##### Records provided

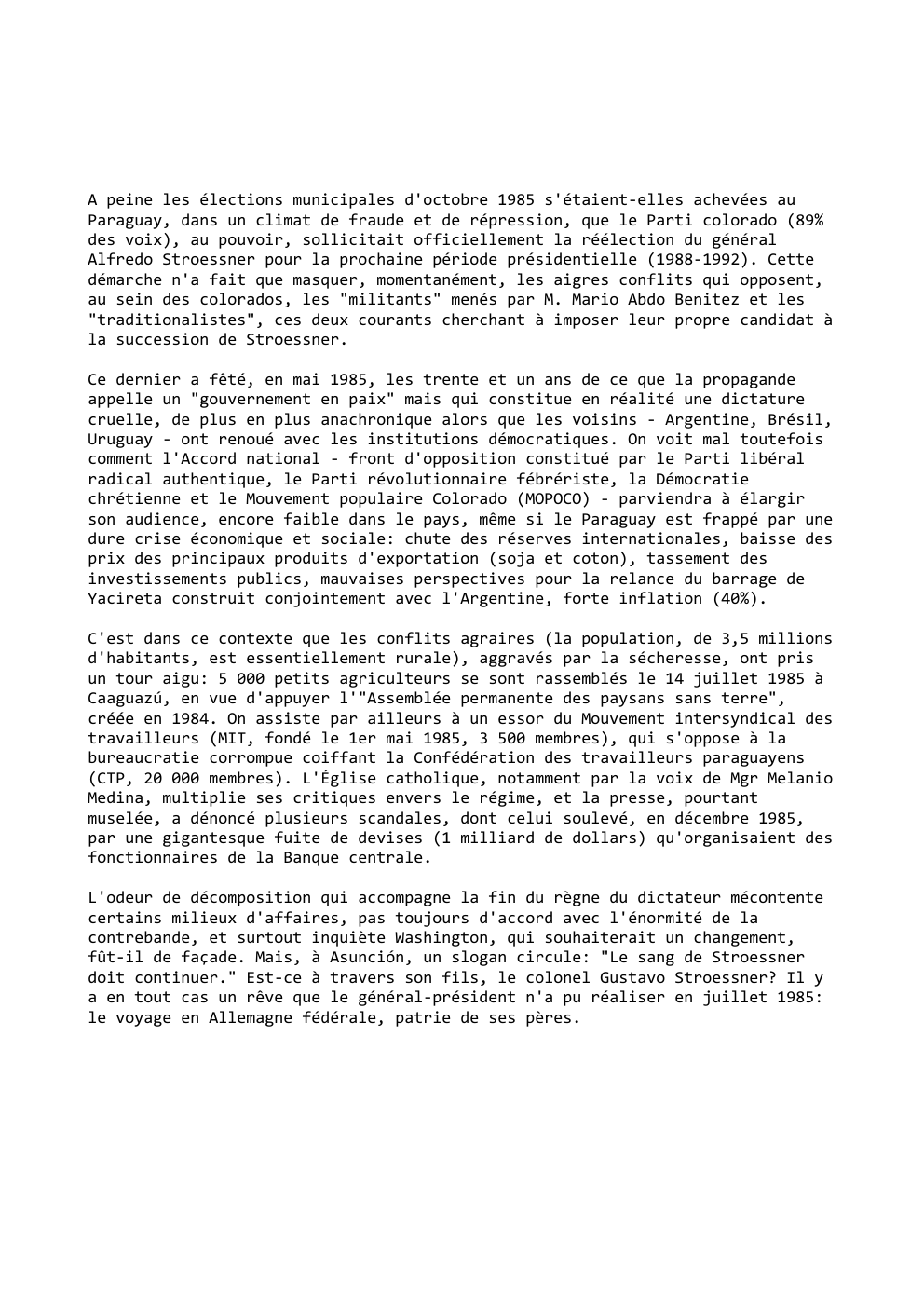 Prévisualisation du document A peine les élections municipales d'octobre 1985 s'étaient-elles achevées au
Paraguay, dans un climat de fraude et de répression, que...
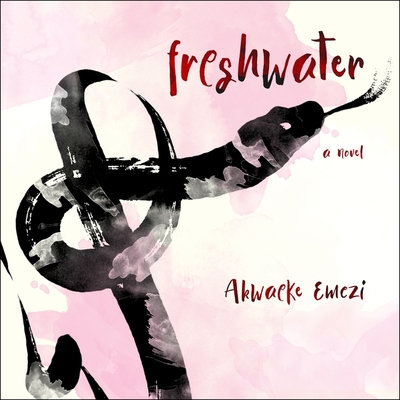 Freshwater - Emezi, Akwaeke (Read by)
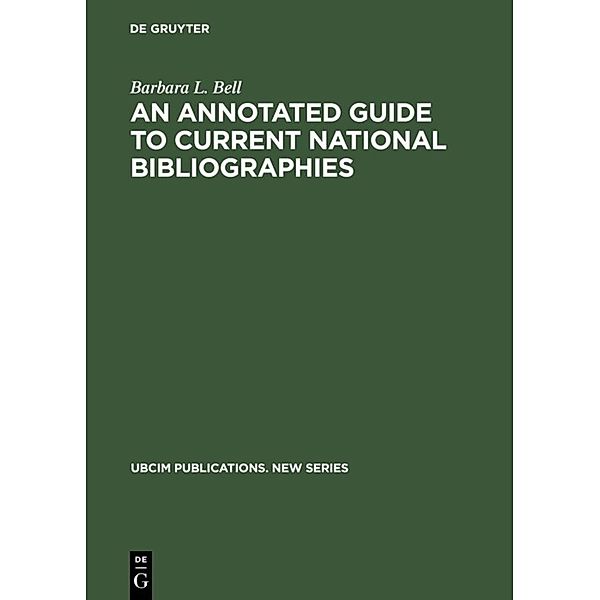 An Annotated Guide to Current National Bibliographies, Barbara L. Bell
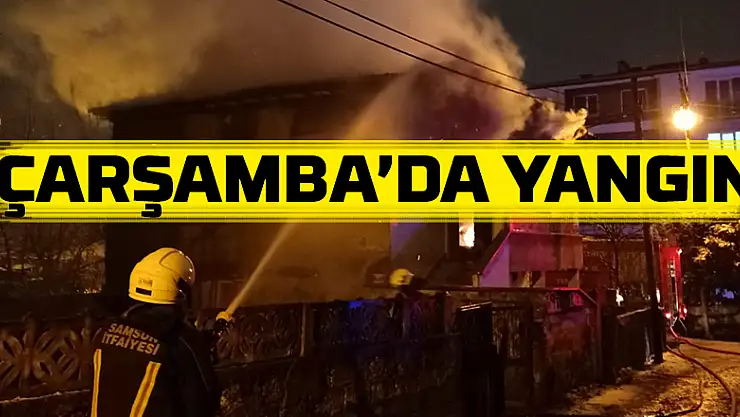 Çarşamba'da yangın 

##########

» The problem: Each line from the one that contains "Freshwater - Emezi, Akwaeke (Read by)" through the end of the records should be restated exactly; include both end lines and leave any pictures out.

» Task solution:
 Freshwater - Emezi, Akwaeke (Read by)
 An Annotated Guide to Current National Bibliographies, Barbara L. Bell
 Çarşamba'da yangın 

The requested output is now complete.